20090526-01先週末、本会関係者から、5月26日付「朝日新聞」に下記の記事があり、ここに掲載している地図が台湾を中国の領土として描いた上に、核保有国としていることをご教示いただいた。確かに、これは明らかな誤報だ。

■核拡散、強まる疑念 「闇市場」にちらつく北朝鮮の影(当該記事)

そのことを、昨日発売の「夕刊フジ」6月4日号の第3面で追及している(下記参照)。台北駐日経済文化代表処の朱文清広報部長は「それはおかしい。台湾は核保有国ではないし、中国の一部でもない」と、朝日新聞に申し入れしたという。

夕刊フジでもコメントしている本会の柚原正敬常務理事・事務局長が朝日新聞広報部に間違っていることを指摘し、訂正記事の要求をしたところ、電話口に出た広報部員は「朝日の見解は政府見解と同じです。台湾は中国の領土ではありません。核保有国でもありません」とあっさり認め、「編集部に伝えます」という至極当たり前の返答だった。

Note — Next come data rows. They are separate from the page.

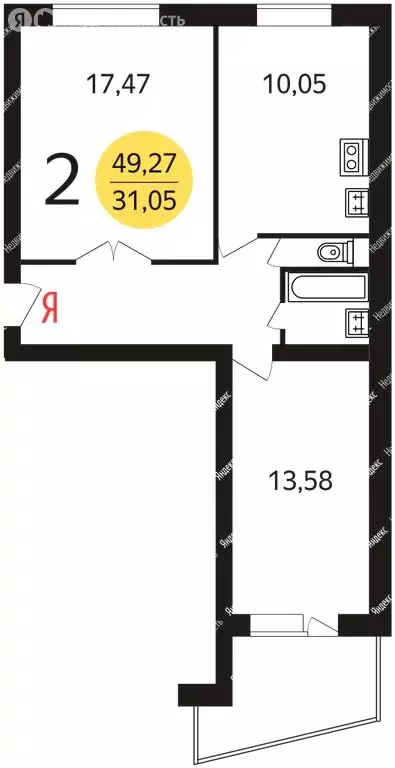 2-комнатная квартира: Москва, Череповецкая улица, 6Б (49.27 м) - Фото 2
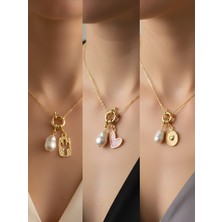 NKT Collection Kabartma Kalp Pembe Kalp Kaktüs Incili Kolye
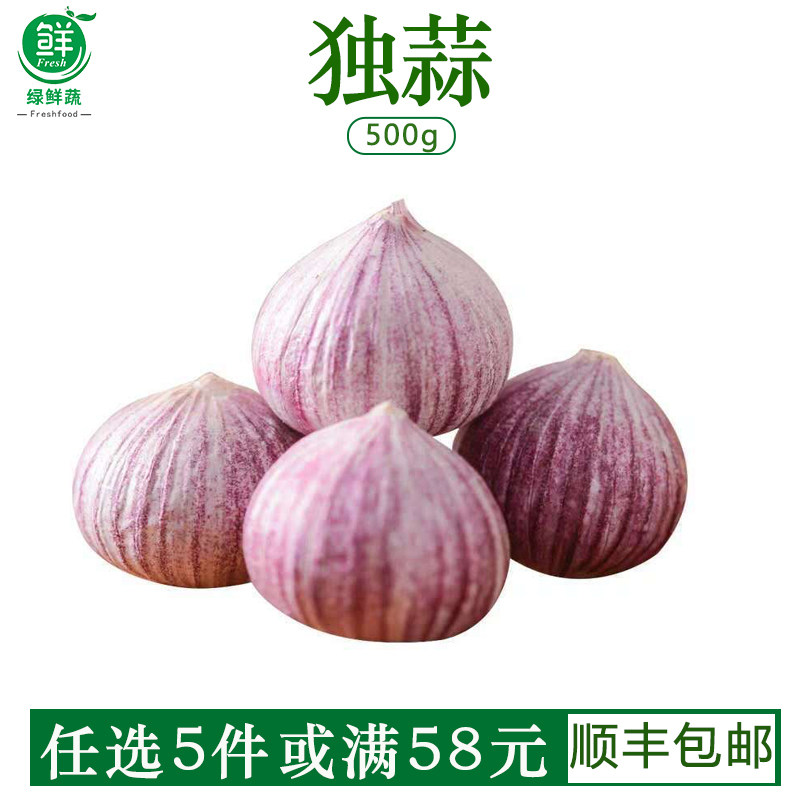 新鲜独头蒜500g紫皮大蒜头紫皮蒜农家独蒜非干蒜西餐食材现挖鲜蒜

柚原常務理事が念のため「書面で申し入れをした方がいいですか」と重ねて問うと、「いえ、これで十分です」との返答で、早々に編集部に伝えることを確約した。

柚原常務理事は「訂正記事が出ることが判明したら、必ず連絡いただけますか」とも要求し、それも約束したという。

朝日新聞は、掲載した地図の間違いをできるだけ早く訂正すべきなので、多くの方から訂正要求があった方が朝日のためだ。下記に広報部の電話番号とFAX番号をご紹介したい。

■朝日新聞広報部
TEL:03-5540-7615 FAX:03-5540-7618


朝日新聞仰天掲載 台湾を「核保有国」に分類
外交窓口、反発「保有国ではないし、中国の一部でもない」

【6月4日 夕刊フジ】(6月3日発行)

■地図も中国と同じ色
朝日新聞が、北朝鮮の核実験を受けて掲載した地図で、台湾を「核保有5大国」に分類していたことが問題になっている。台湾の外交窓口は「おかしい。厳正に申し入れたい」と反発している。台湾の領土や主権をめぐっては、かつて「中国の一部」とした地球儀が社会問題化したこともある。果たして、朝日新聞は台湾を核保有国(地域)と見ているのか。それとも、中国の一部と考えているのか。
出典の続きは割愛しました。